UK Emissions Trading Scheme: Ferries

(asked on 13th April 2026) - View Source

Question to the Department for Energy Security & Net Zero:

To ask the Secretary of State for Energy Security and Net Zero, pursuant to the Answer of 12 March 2026 to Question 118924, what estimate his Department has made of (a) the proportion of UK Emissions Trading Scheme costs in the maritime sector expected to be passed through to consumers and (b) how that estimate varies by subsector, including ferries and passenger services; and what international evidence underpins those assumptions.


Answered by
Chris McDonald Portrait
Chris McDonald
Parliamentary Under Secretary of State (Department for Energy Security and Net Zero)
This question was answered on 21st April 2026

The Impact Assessment finds UK ETS compliance costs are modest relative to operators’ overall costs and does not identify significant consumer price impacts.
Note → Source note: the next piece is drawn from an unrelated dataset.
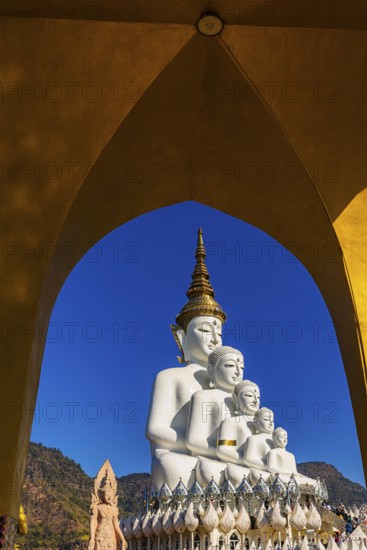 Round arch pavilion, the five-headed Buddha statue at the back, Wat Phra That Sorn Kaew Buddhist temple complex, Phetchabun province, Thailand
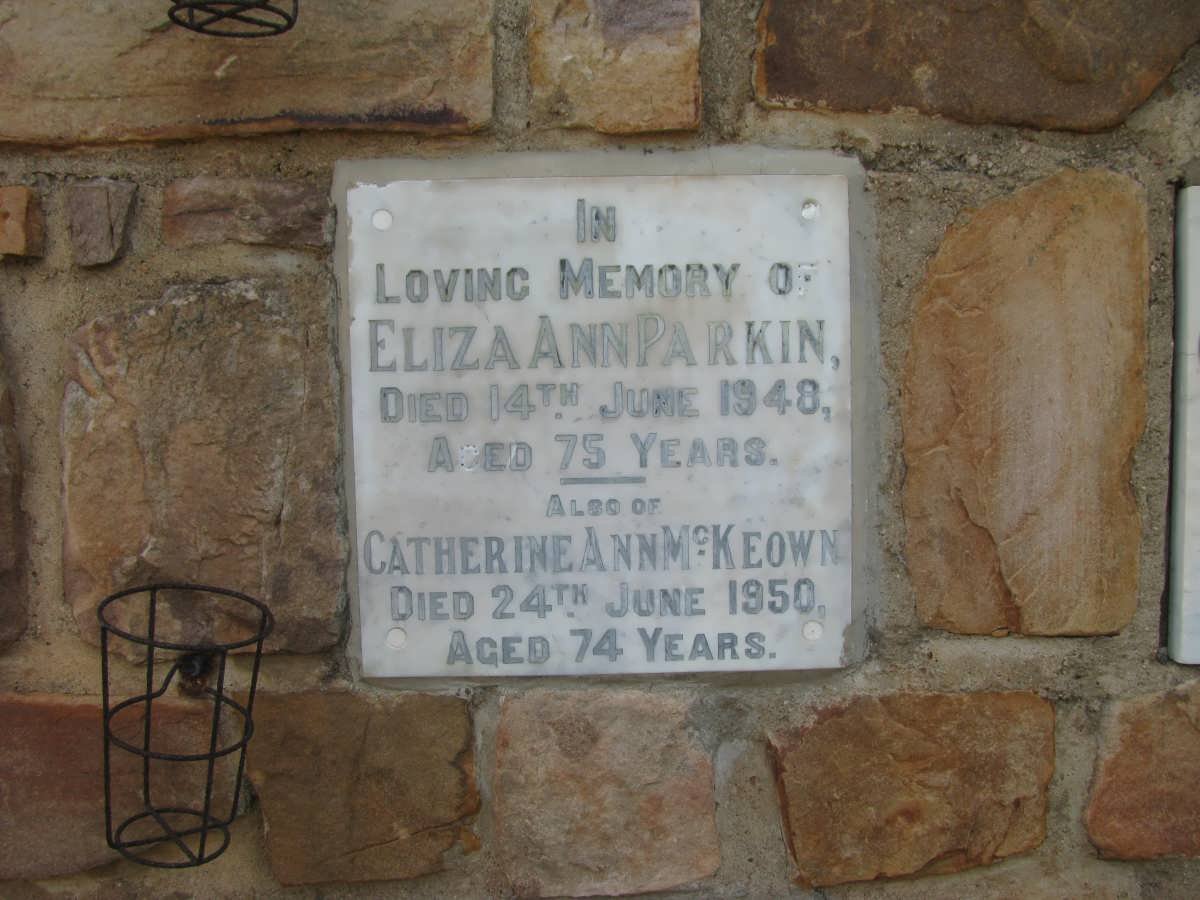 PARKIN Eliza Ann -1948 :: McKEOWN Catherine Ann -1950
This is expected to be consistent across maritime subsectors.

For ferries and passenger services, the Government has not undertaken route level modelling for the UK ETS domestic maritime expansion, as operators’ commercial decisions, vessel utilisation and fare structures vary widely.

The EU ETS, which includes some passenger ferries in scope, shows fare changes have generally been in the low single digit range. Early evidence from the EU scheme suggests short‑sea shipping routes and ferry fares increased by 3-11% under comparable carbon pricing.